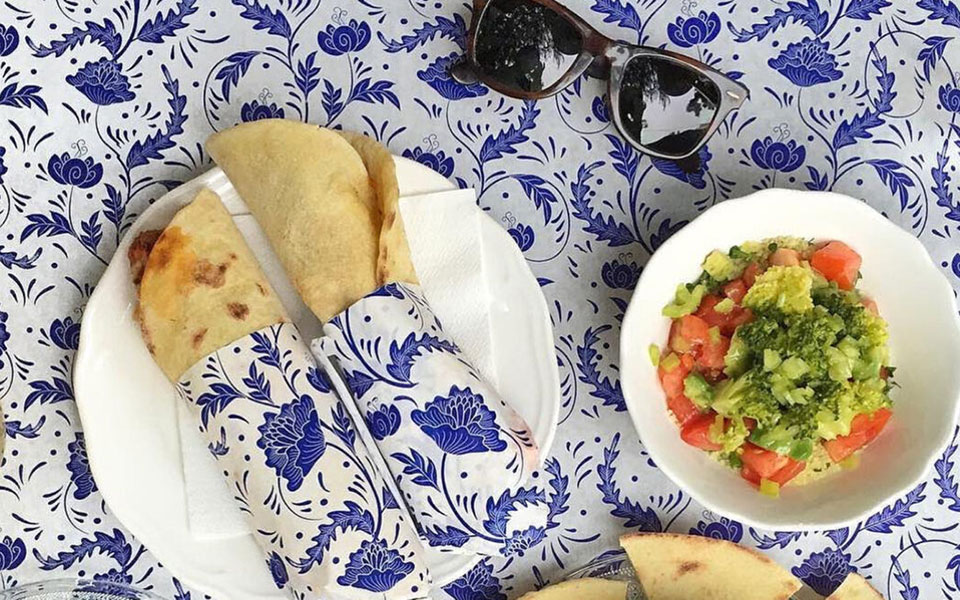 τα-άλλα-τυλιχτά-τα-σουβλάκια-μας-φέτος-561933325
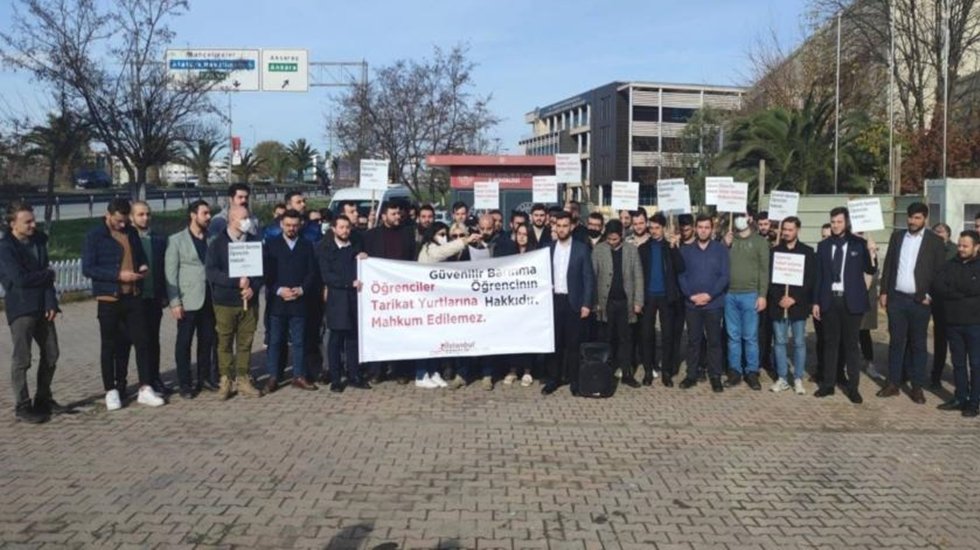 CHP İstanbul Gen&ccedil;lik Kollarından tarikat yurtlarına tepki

* * *

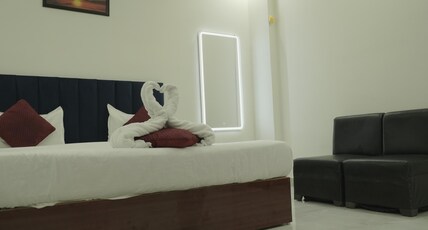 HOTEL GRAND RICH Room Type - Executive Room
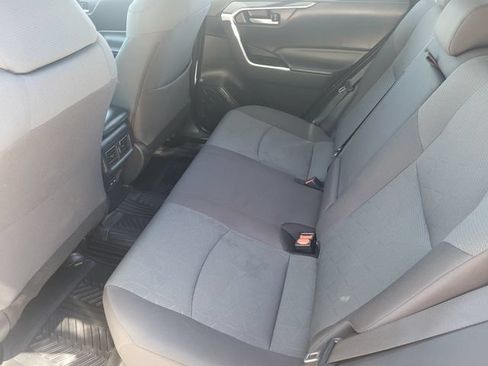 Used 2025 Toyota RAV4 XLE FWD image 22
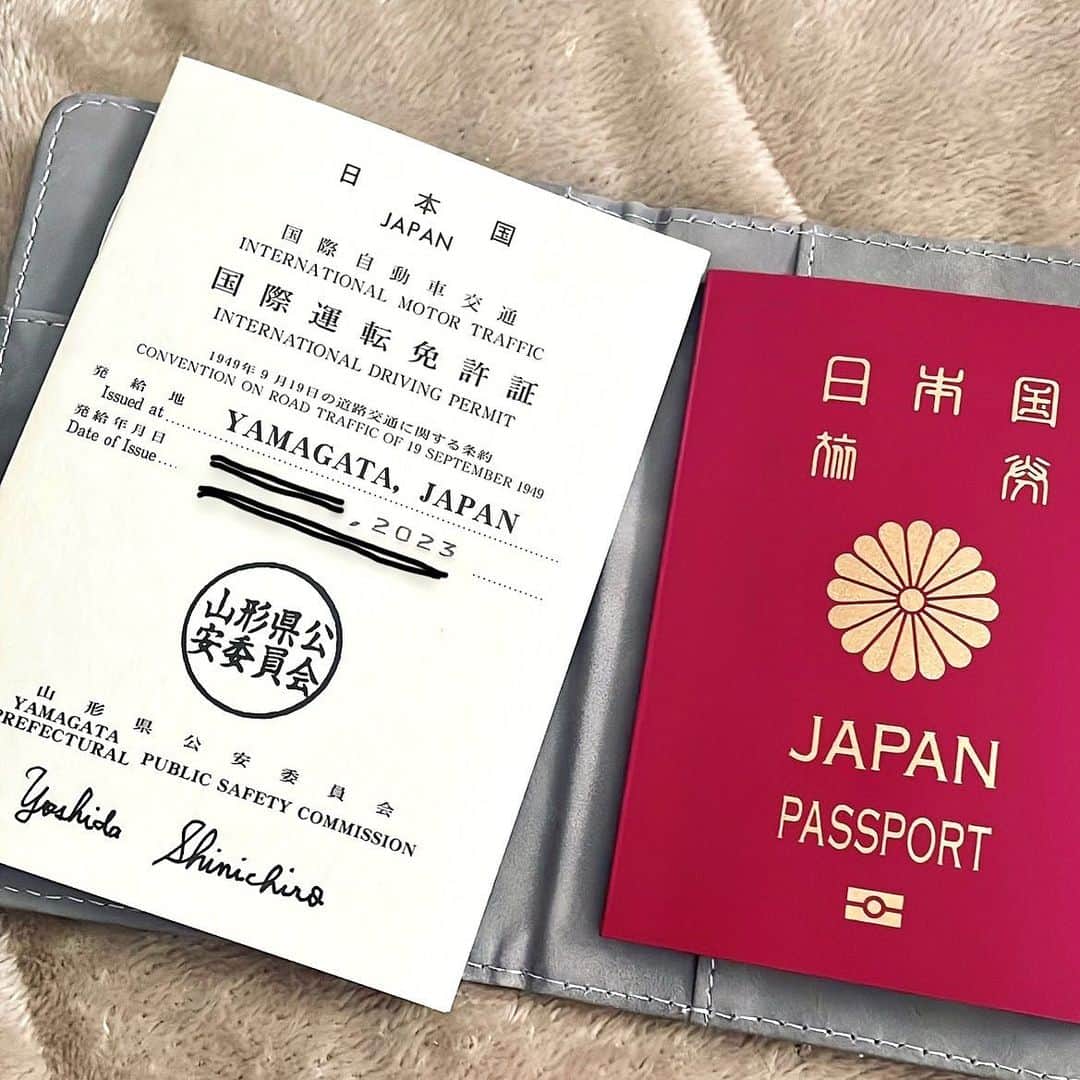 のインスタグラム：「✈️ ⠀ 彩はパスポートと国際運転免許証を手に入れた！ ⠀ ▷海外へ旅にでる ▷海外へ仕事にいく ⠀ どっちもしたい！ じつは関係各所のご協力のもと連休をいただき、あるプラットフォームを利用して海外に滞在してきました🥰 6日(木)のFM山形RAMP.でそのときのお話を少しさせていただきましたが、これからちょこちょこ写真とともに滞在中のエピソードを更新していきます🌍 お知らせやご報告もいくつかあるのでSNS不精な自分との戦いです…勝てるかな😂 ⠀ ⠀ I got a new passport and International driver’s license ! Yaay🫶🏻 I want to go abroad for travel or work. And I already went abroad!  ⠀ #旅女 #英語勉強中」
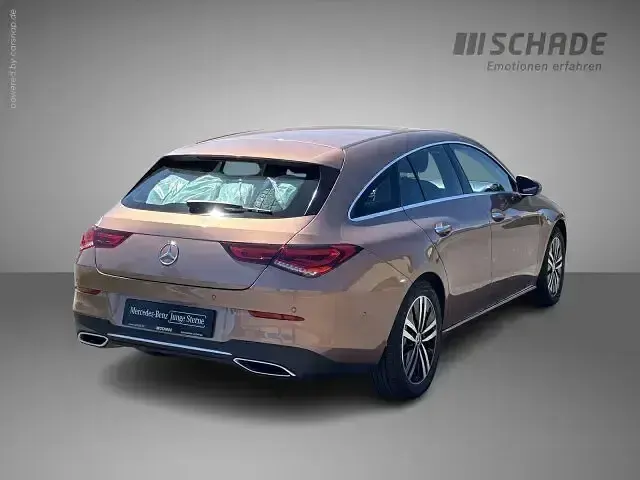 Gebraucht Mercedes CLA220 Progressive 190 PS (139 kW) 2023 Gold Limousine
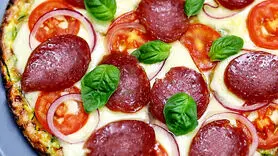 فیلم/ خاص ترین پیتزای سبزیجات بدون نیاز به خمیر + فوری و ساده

#### TASK
Only one part of the material above is wanted: the lines from the one with "HOTEL GRAND RICH Room Type - Executive Room" up to and including the one with "فیلم/ خاص ترین". Please copy them exactly, pictures left out.

#### TASK SOLUTION
 HOTEL GRAND RICH Room Type - Executive Room
 Used 2025 Toyota RAV4 XLE FWD image 22
 のインスタグラム：「✈️ ⠀ 彩はパスポートと国際運転免許証を手に入れた！ ⠀ ▷海外へ旅にでる ▷海外へ仕事にいく ⠀ どっちもしたい！ じつは関係各所のご協力のもと連休をいただき、あるプラットフォームを利用して海外に滞在してきました🥰 6日(木)のFM山形RAMP.でそのときのお話を少しさせていただきましたが、これからちょこちょこ写真とともに滞在中のエピソードを更新していきます🌍 お知らせやご報告もいくつかあるのでSNS不精な自分との戦いです…勝てるかな😂 ⠀ ⠀ I got a new passport and International driver’s license ! Yaay🫶🏻 I want to go abroad for travel or work. And I already went abroad!  ⠀ #旅女 #英語勉強中」
 Gebraucht Mercedes CLA220 Progressive 190 PS (139 kW) 2023 Gold Limousine
 فیلم/ خاص ترین پیتزای سبزیجات بدون نیاز به خمیر + فوری و ساده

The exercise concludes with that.